O presidente Lula (PT) convocou ao Palácio do Planalto os chefes da Abin (Agência Brasileira de Inteligência), Luiz Fernando Corrêa, e da Polícia Federal, Andrei Rodrigues, para cobrar explicações sobre uma operação de espionagem contra o Paraguai. A reunião foi descrita como tensa.
Lula chamou os dois diretores após uma ação secreta da Abin de hackear autoridades paraguaias de alto escalão em meio a negociações sobre os valores pagos ao país vizinho pela energia da usina de Itaipu ter virado notícia. A informação foi divulgada pelo UOL no fim de março.
A audiência ocorreu no gabinete de Lula depois que o governo já havia emitido uma nota em que atribuía a operação à gestão de Jair Bolsonaro (PL). Segundo relatos, o encontro foi conflituoso e chegou a ser interpretado como uma acareação entre Corrêa e Rodrigues. As informações são da Folha de São Paulo.
Leia mais
Investigadores da PF apontam que a ação de espionagem contra o Paraguai teria continuado durante os primeiros meses do governo Lula, com o conhecimento de Corrêa. A atual direção da Abin, por sua vez, afirma que mandou interromper a operação.

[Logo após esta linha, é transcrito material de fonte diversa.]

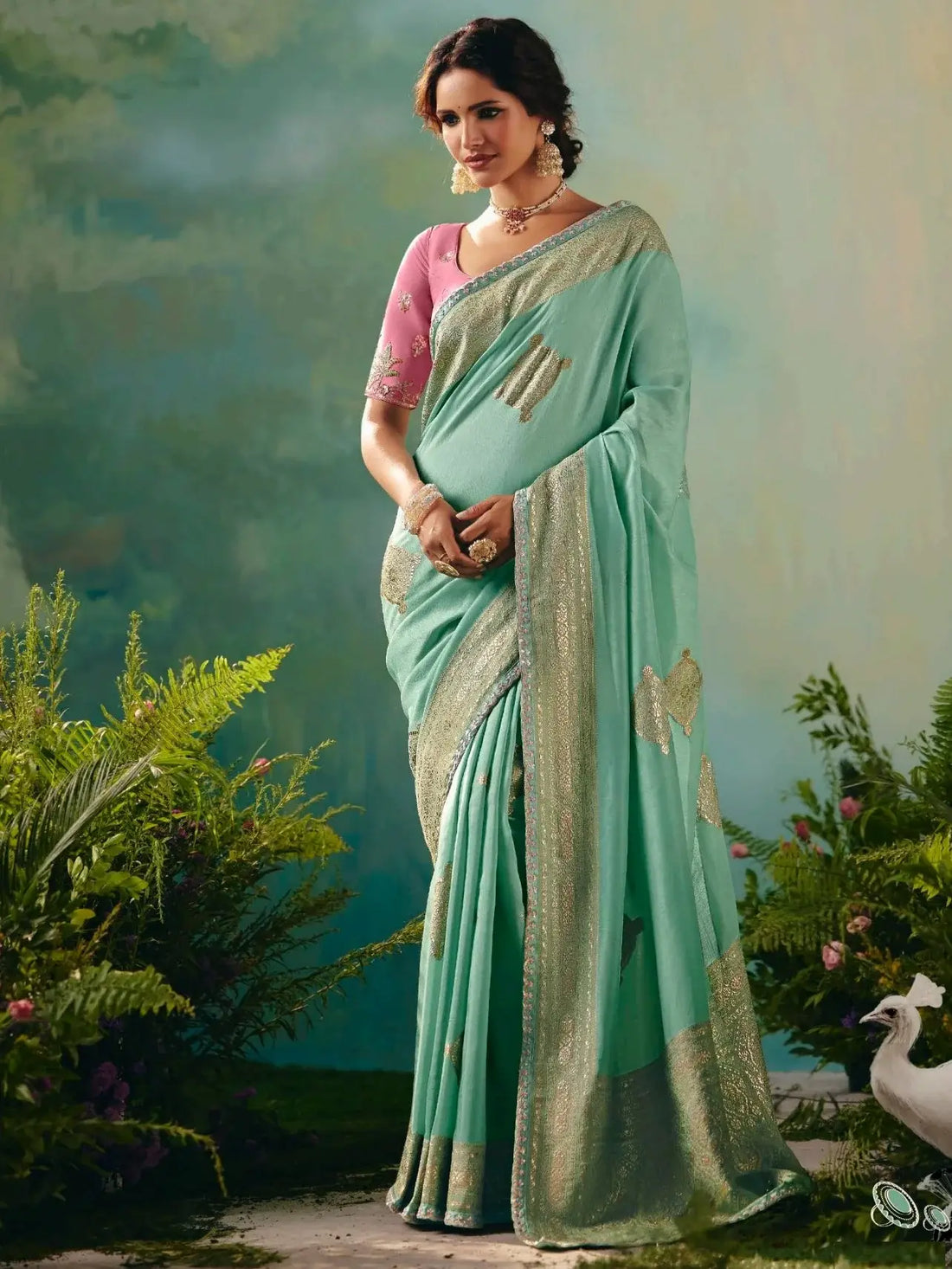 Classy Sea Green Sequins Embroidery Tissue Mehendi Wear Saree With Blouse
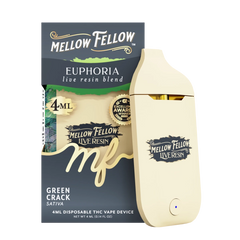 Euphoria Blend 4ml Live Resin Disposable Vape - Green Crack (Sativa) - Mellow Fellow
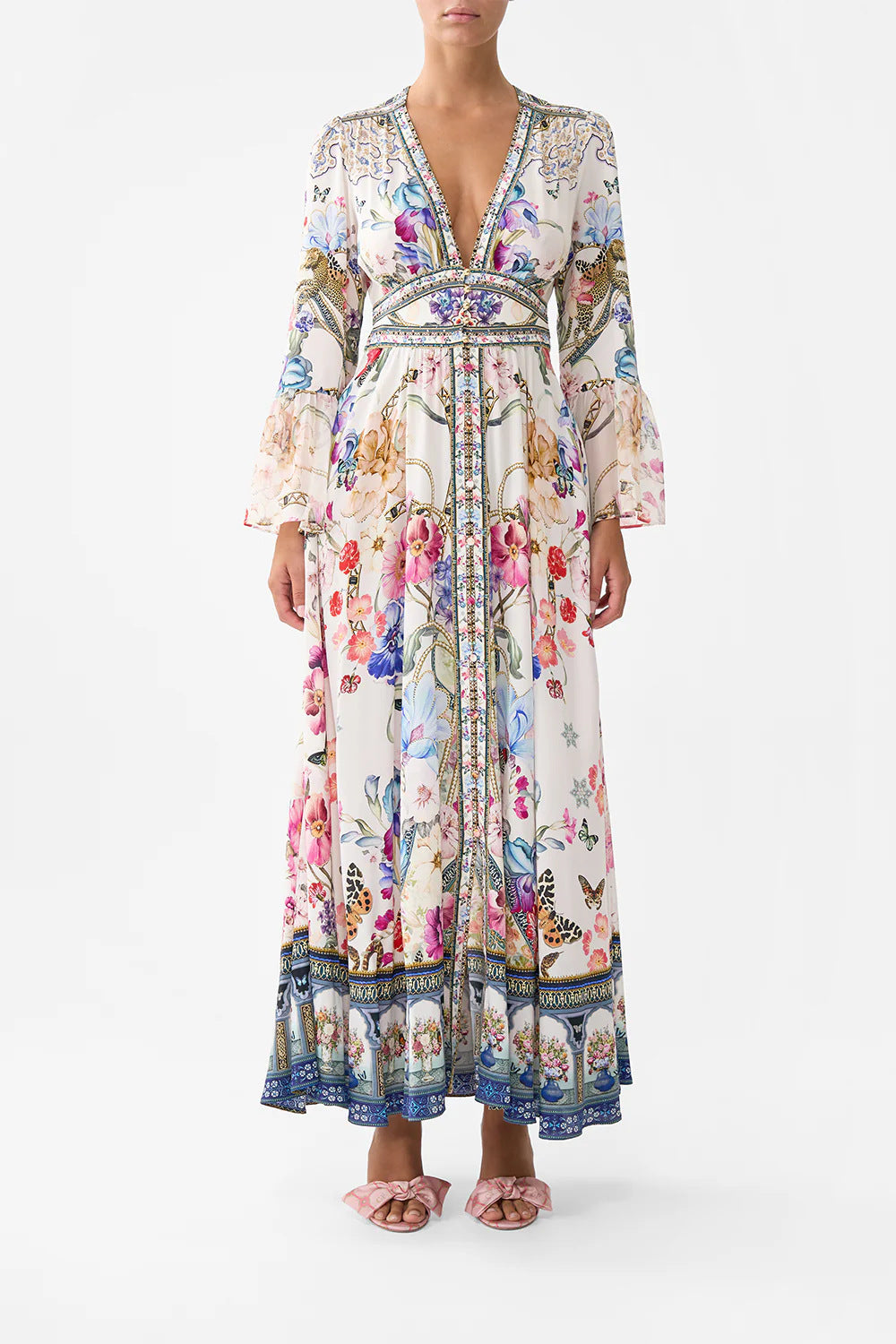 Printed V-neck Long-sleeved Bubble Sleeve Waist Women's Clothing Dress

Dentro do governo, Corrêa e Rodrigues são considerados rivais. A principal divergência é o inquérito da PF sobre a chamada “Abin paralela”. O grupo de Corrêa afirma que a investigação tem motivações políticas, enquanto policiais enxergam movimentos do chefe da Abin para obstruir as apurações.
Também participou do encontro com Lula o chefe da Casa Civil, Rui Costa, a quem a Abin está subordinada e a quem o diretor-geral da agência se reporta.
De acordo com relatos, além dos detalhes da suposta espionagem, os diretores da Abin e da PF também discutiram, na presença do presidente e do ministro, o vazamento da operação. A Polícia Federal abriu um inquérito sobre a divulgação das informações.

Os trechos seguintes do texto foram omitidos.